__PROBLEM TO SOLVE__:
Only the text is wanted; write out each record below exactly and exclude all pictures.
═════ PROVIDED MATERIAL
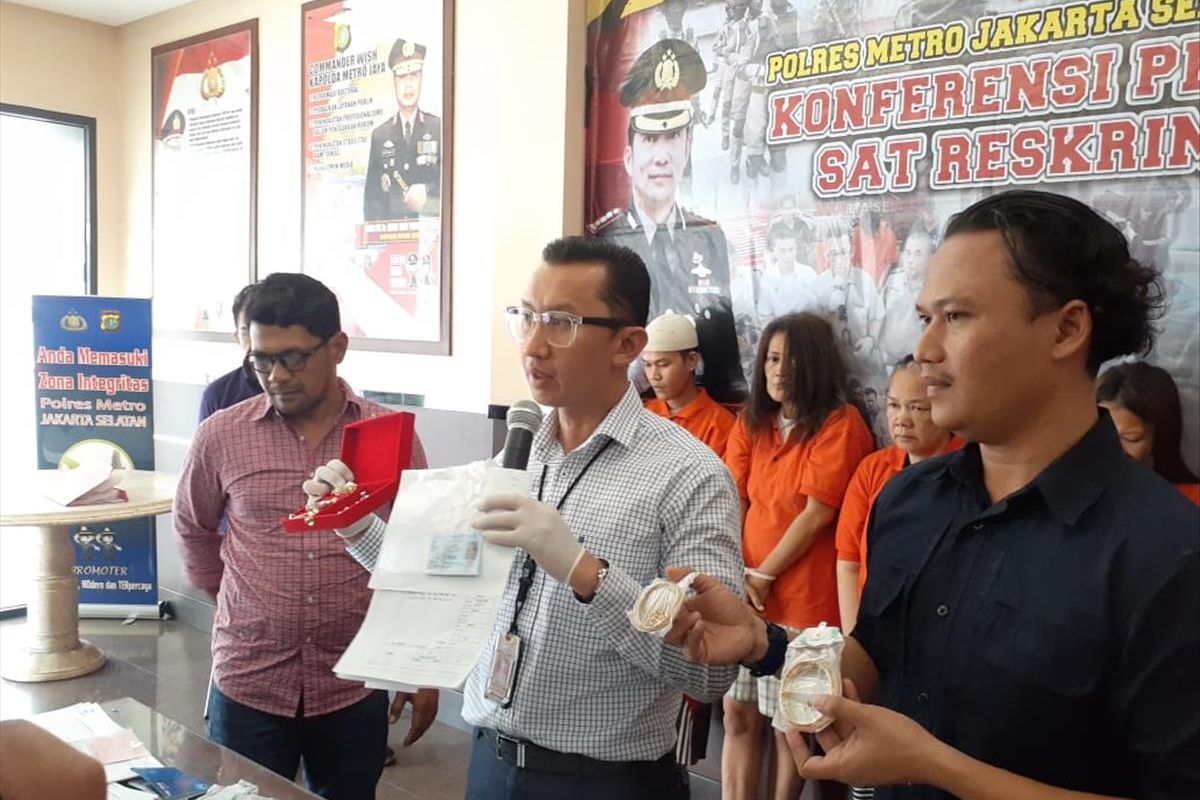 Polisi ringkus komplotan pemalsu emas yang kerap tipu pegadaian, Kamis (8/8/2019)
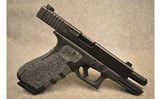 Glock ~ 17 ~ 9mm Luger - 3 of 3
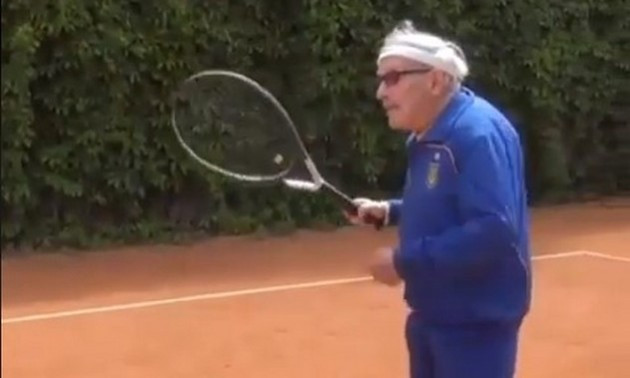 Відео дня. 96-річний українець регулярно грає в теніс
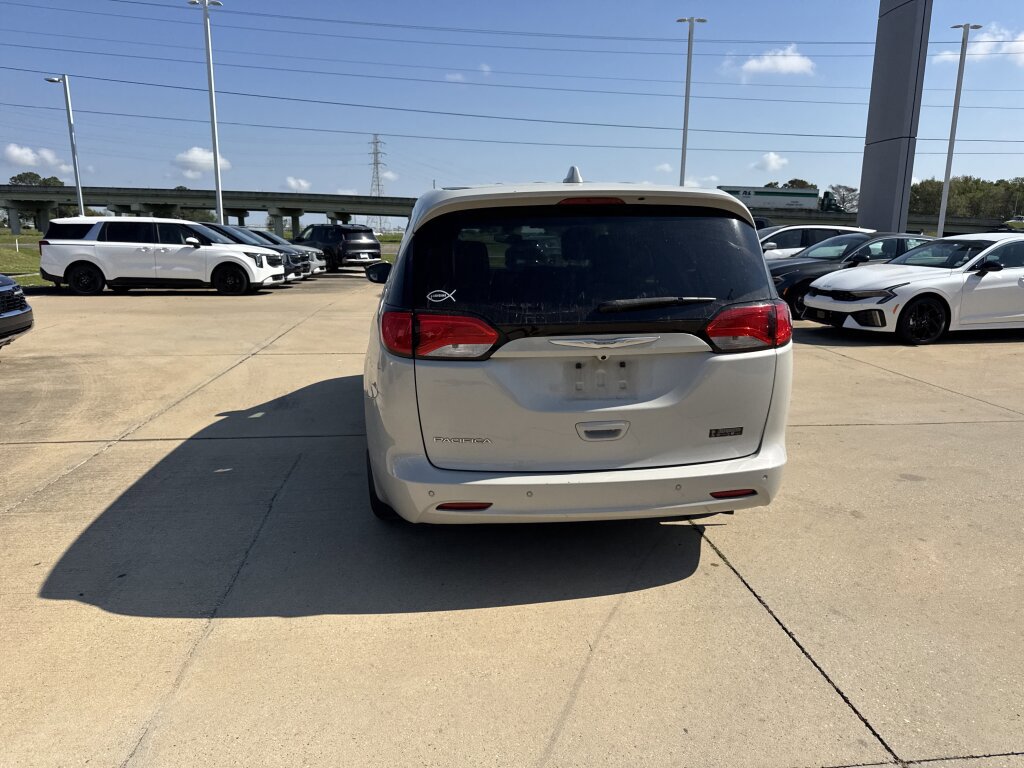 Used 2017 Chrysler Pacifica Touring image 22
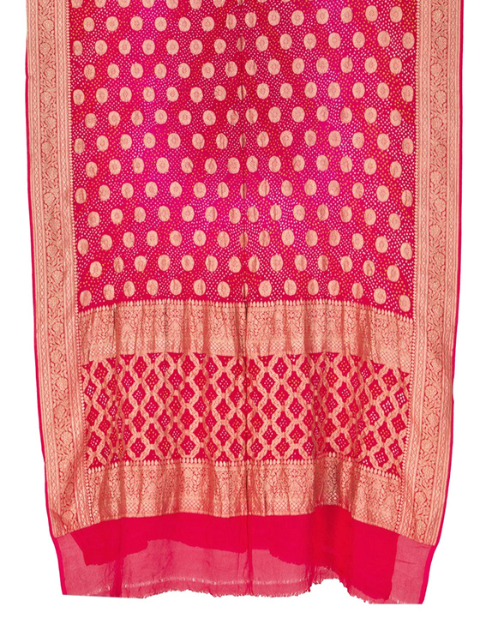 ink Bandhani dupatta with patterned banarasi border and pallu by CHAKOR.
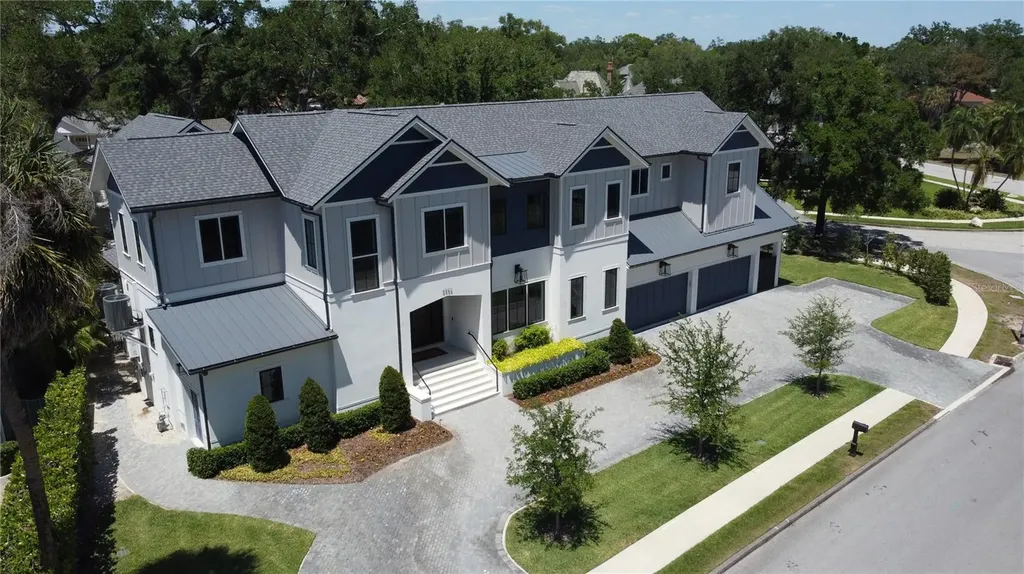 4402 W Beach Park Drive Tampa FL 33609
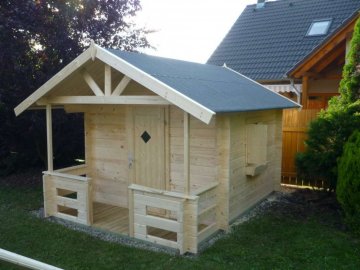 Dřevěný domeček Marie pro děti - Jindřichův Hradec, červen 2016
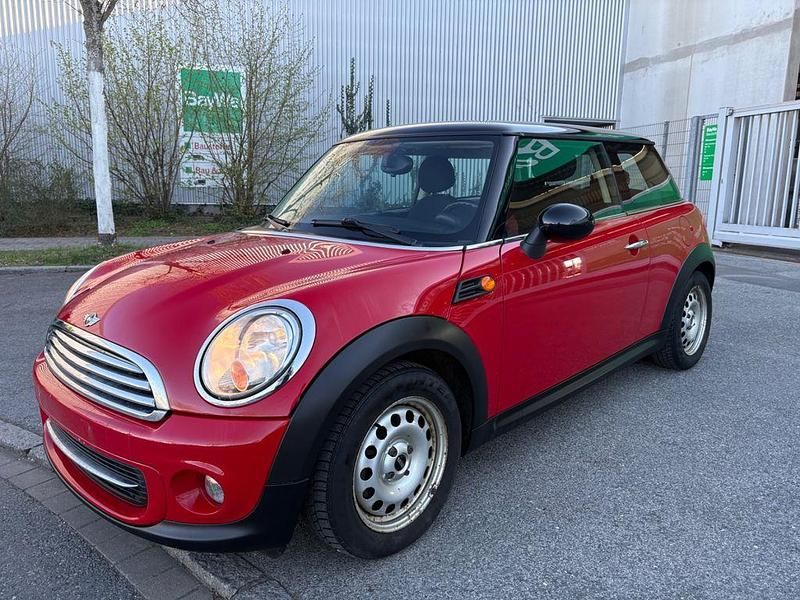 Gebraucht Mini Cooper D 111 PS (81 kW) 2012 Chili (solar) red Kleinwagen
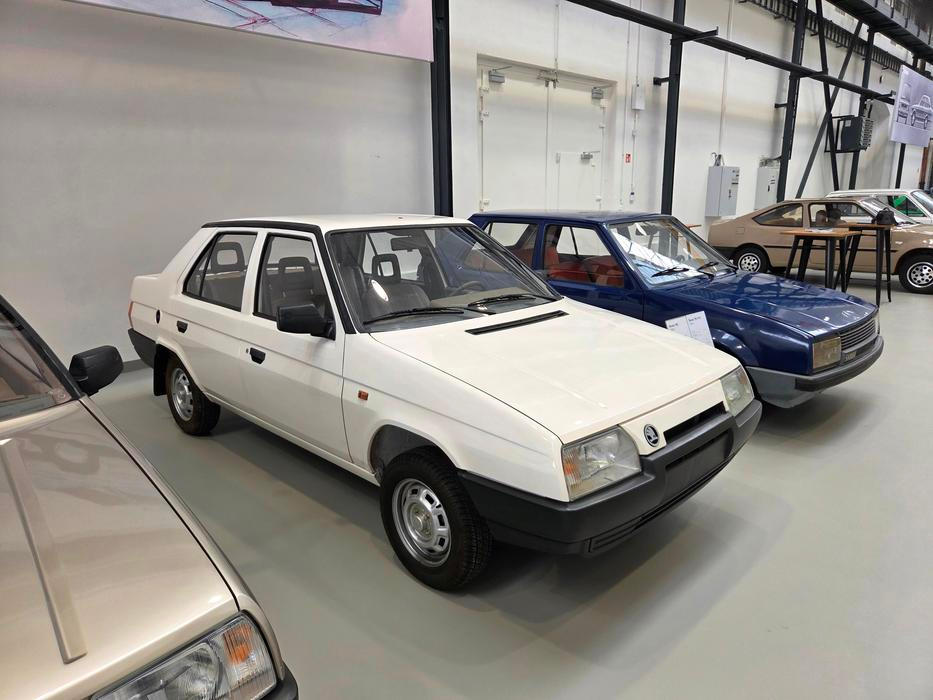 Možná trochu větší šanci na výrobu než kupé měl sedan. Náběh se zvažoval v roce 1990. Ani v tomto případě se ale český zájemce nedočkal.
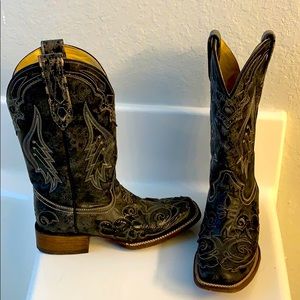 Corral boots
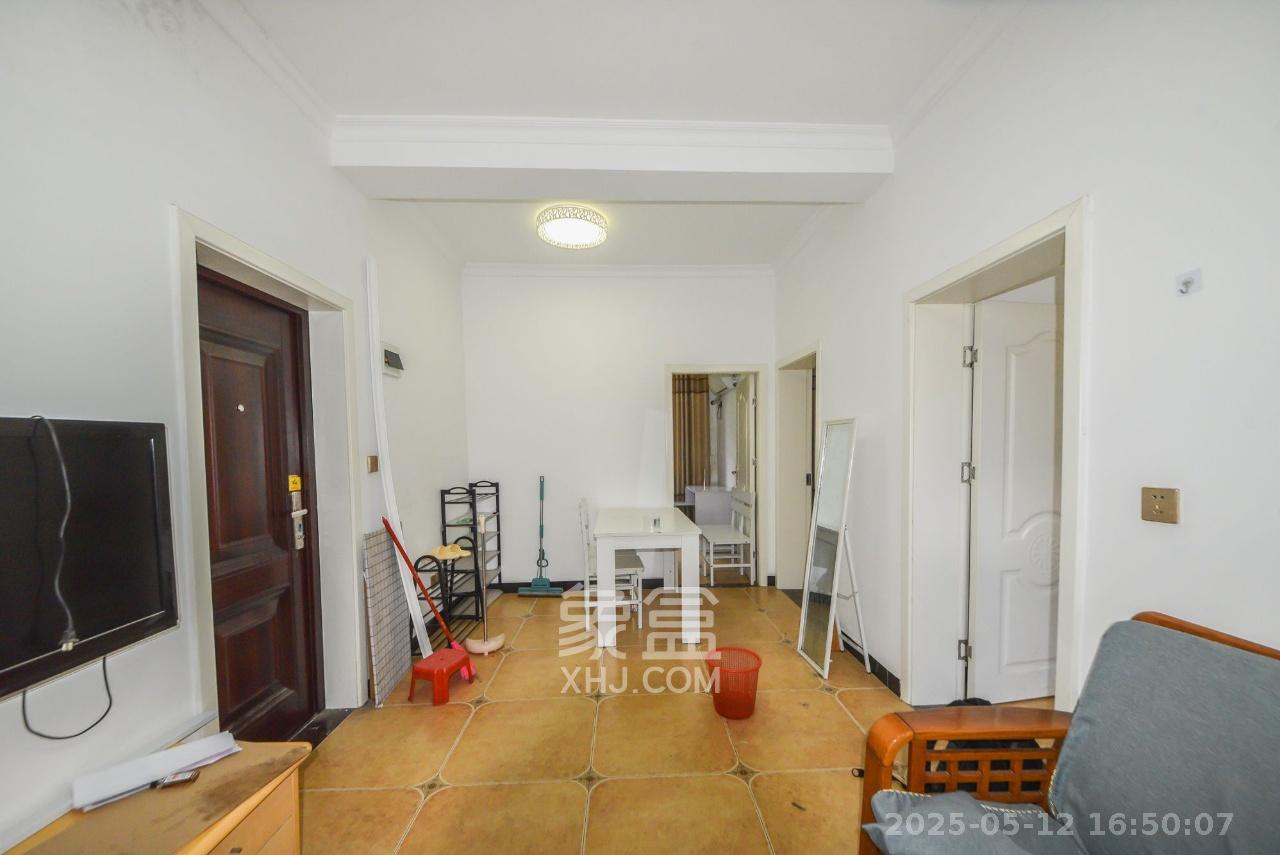 牛角塘社区  3室1厅1卫    2200.0元/月 牛角塘社区  3室1厅1卫    2200.0元/月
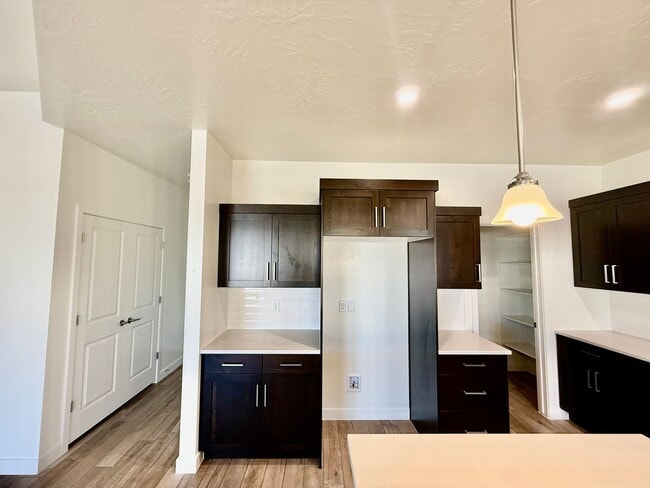 Building Photo - Beautiful Pet-Friendly 4-BR Home in Sunbrook Community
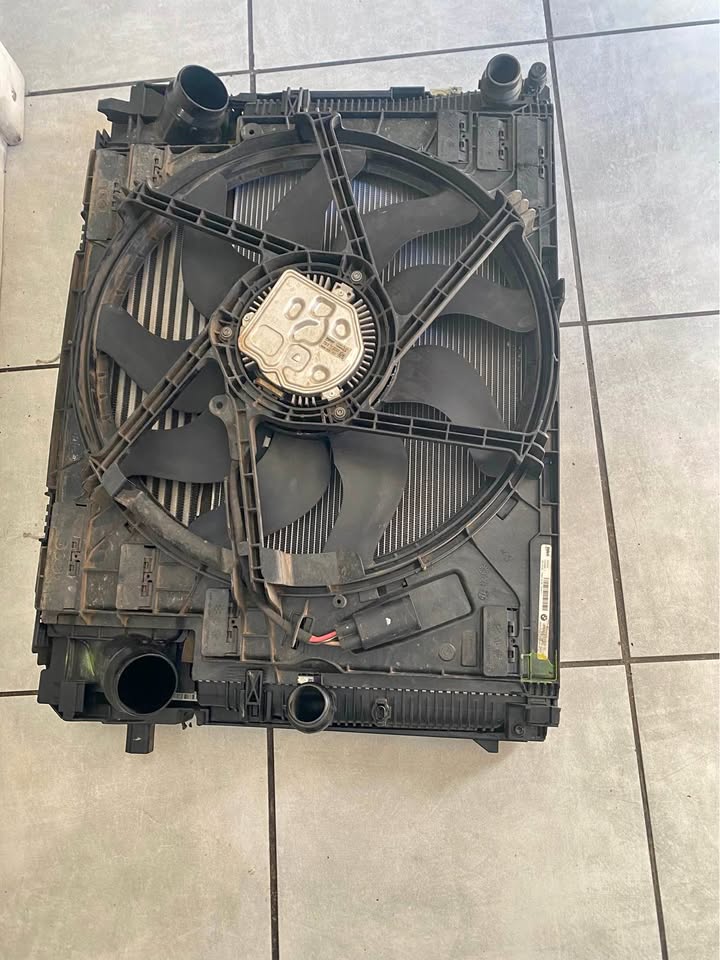 BMW G20 radiator set complete - Private Seller BMW G20 radiator set complete - Private Seller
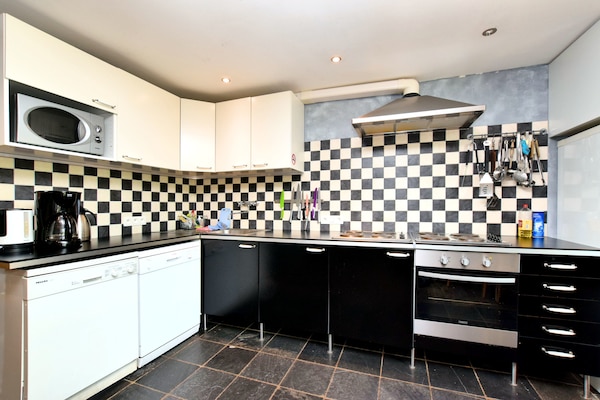 Authentiek groepshuis voor 20 personen met open haard en grote tuin in de bossen van Lierneux - thumbnail 2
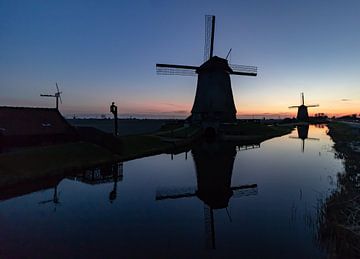 De molens bij Schermerhorn tijdens zonsondergang van Paul Veen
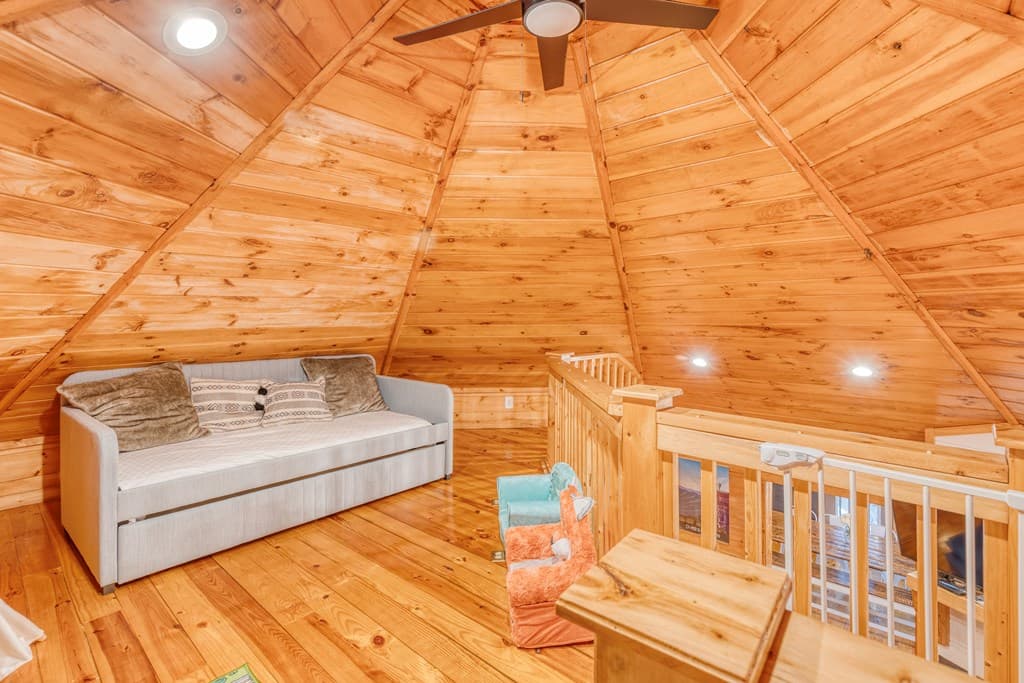 586 Newport Road, Blue Ridge GA 30513 - Photo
══════════
__WRITTEN RESPONSE__:
 Polisi ringkus komplotan pemalsu emas yang kerap tipu pegadaian, Kamis (8/8/2019)
 Glock ~ 17 ~ 9mm Luger - 3 of 3
 Відео дня. 96-річний українець регулярно грає в теніс
 Used 2017 Chrysler Pacifica Touring image 22
 ink Bandhani dupatta with patterned banarasi border and pallu by CHAKOR.
 4402 W Beach Park Drive Tampa FL 33609
 Dřevěný domeček Marie pro děti - Jindřichův Hradec, červen 2016
 Gebraucht Mini Cooper D 111 PS (81 kW) 2012 Chili (solar) red Kleinwagen
 Možná trochu větší šanci na výrobu než kupé měl sedan. Náběh se zvažoval v roce 1990. Ani v tomto případě se ale český zájemce nedočkal.
 Corral boots
 牛角塘社区  3室1厅1卫    2200.0元/月 牛角塘社区  3室1厅1卫    2200.0元/月
 Building Photo - Beautiful Pet-Friendly 4-BR Home in Sunbrook Community
 BMW G20 radiator set complete - Private Seller BMW G20 radiator set complete - Private Seller
 Authentiek groepshuis voor 20 personen met open haard en grote tuin in de bossen van Lierneux - thumbnail 2
 De molens bij Schermerhorn tijdens zonsondergang van Paul Veen
 586 Newport Road, Blue Ridge GA 30513 - Photo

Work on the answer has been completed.